Karena terlahir di Banten itulah Nawawi punya nama al-Bantani. Sekaligus utuk membedakannya dengan Imam Nawawi, seorang ulama dan penulis yang produktif. Jika dirunut lagi, menurut Samsul Amin, Nawawi al-Bantani tergolong habib alias keturunan Nabi Muhammad SAW.

Nawawi, yang lahir dalam keluarga Islam yang taat itu, sejak kecil sudah dibimbing oleh ayahnya, Kiai Umar. Dia diajari soal dasar-dasar Islam dan bahasa Arab. Setelah berusia sekitar 8 tahun, dia dan saudaranya dikirim belajar kepada Haji Sahal, salah seorang guru agama di Banten. Setelah Haji Sahal, dia berguru lagi pada Raden Haji Yusuf alias Syekh Baing Yusuf, yang menjadi penghulu di Karawang dan dikenal di Purwakarta juga. Baing Yusuf adalah salah seorang guru yang menarik perhatian ahli Islam Belanda, Snouck Horgronje.

Dalam buku Samsul Munir Amin yang lain, Karomah Para Kiai (2008), Nawawi disebut pergi haji pada 1830. Ketika itu usianya sektiar 15 atau 16 tahun. “Selama 30 tahun (1830-1860) Nawawi pun belajar pada Khatib Sambas, Abdul Ghani Bima, Yusuf Sambulawesi, Nahrawi, dan Abdul Gani Daghestani di Mekah,” tulis Halwany Michrob dan kawan kawan dalam Catatan Masalalu Banten (1993).

Setelah berguru ke sana-sini, dia pun dianggap matang.

“Dengan bekal ilmu pengetahuan yang sudah di perolehnya, maka pada tahun 1860 M, Syekh Nawawi mulai aktif mengajar setiap hari di Masjid Al- Haram,” tulis ʻAbdul ʻAziz Masyhuri dan Zainal Arifin Thoha dalam 99 Kiai Kharismatik Indonesia Volume 1 (2008).

Nawawi juga produktif menulis. Dia telah menulis sekitar 115 kitab. Menurut As'ad Said Ali dalam Pergolakan di Jantung Tradisi: NU Yang Saya Amati (2008), dia dikenal sebagai sebagai penulis kitab Nihdyah al-Zain dan Tafsir al-Munir.
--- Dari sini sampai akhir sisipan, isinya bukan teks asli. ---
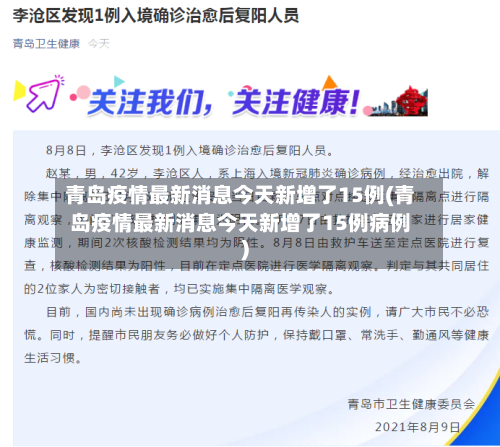 青岛疫情最新消息今天新增了15例(青岛疫情最新消息今天新增了15例病例)-第2张图片
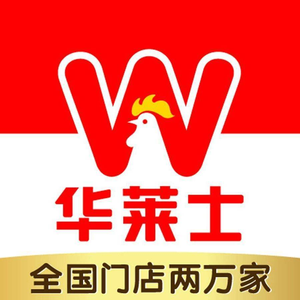 Wendy's Chicken Burger (Shijing Branch)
Murid penting Nawawi al-Bantani yang berasal dari Banten dan peduli dengan Banten antara lain Kiai Haji Tubagus Ismail dan Haji Wasid. Sejarawan Sartono Kartodirjo dalam Pemberontakan Petani Banten 1888 (1984) mencatat dua nama murid Syekh Nawawi al-Bantani itu. Sekitar tanggal 8 Juli 1888, “malam harinya barisan orang-orang yang terus bertambah besar, bersenjata golok dan tombak dan dipimpin Haji Wasid dan Kiai Haji Tubagus Ismail, bergerak dari Cibeber ke Saneja.” Demikian nukilan buku Sartono.

Pemberontakan yang menewaskan orang-orang Belanda yang dicap kafir itu dikenal sebagai Pemberontakan Petani Banten yang dipimpin oleh para haji dan kiai. Beberapa tahun setelah pemberontakan yang dipimpin oleh murid-muridnya itu, pada 1897 Nawawi al-Bantani tutup usia di Mekah.

Dari Sumatera Barat, ada Syekh Ahmad Khatib Al-Minangkabawi, ulama yang juga mengajar di Mekah. Ulama kelahiran Agam, Sumatra Barat tahun 1860 ini, punya latar belakang pendidikan agak unik dibanding kebanyakan ulama di zamannya. Khatib pernah belajar di sekolah gaya Belanda yang kerap dianggap kafir oleh banyak orang Islam di zaman kolonial.

Dalam buku Cahaya dan Perajut Persatuan: Waliullah Ahmad Khatib al-Minangkabawy (2001) dan Ahmad Khatib, Ilmuwan Islam di Permulaan Abad Ini (1983), dia belajar di Sekolah Raja alias Kweekschool (Sekolah Guru) di Fort de Kock (Bukittinggi). Ia berangkat ke Mekah sekitar tahun 1871 saat berumur 11 tahun.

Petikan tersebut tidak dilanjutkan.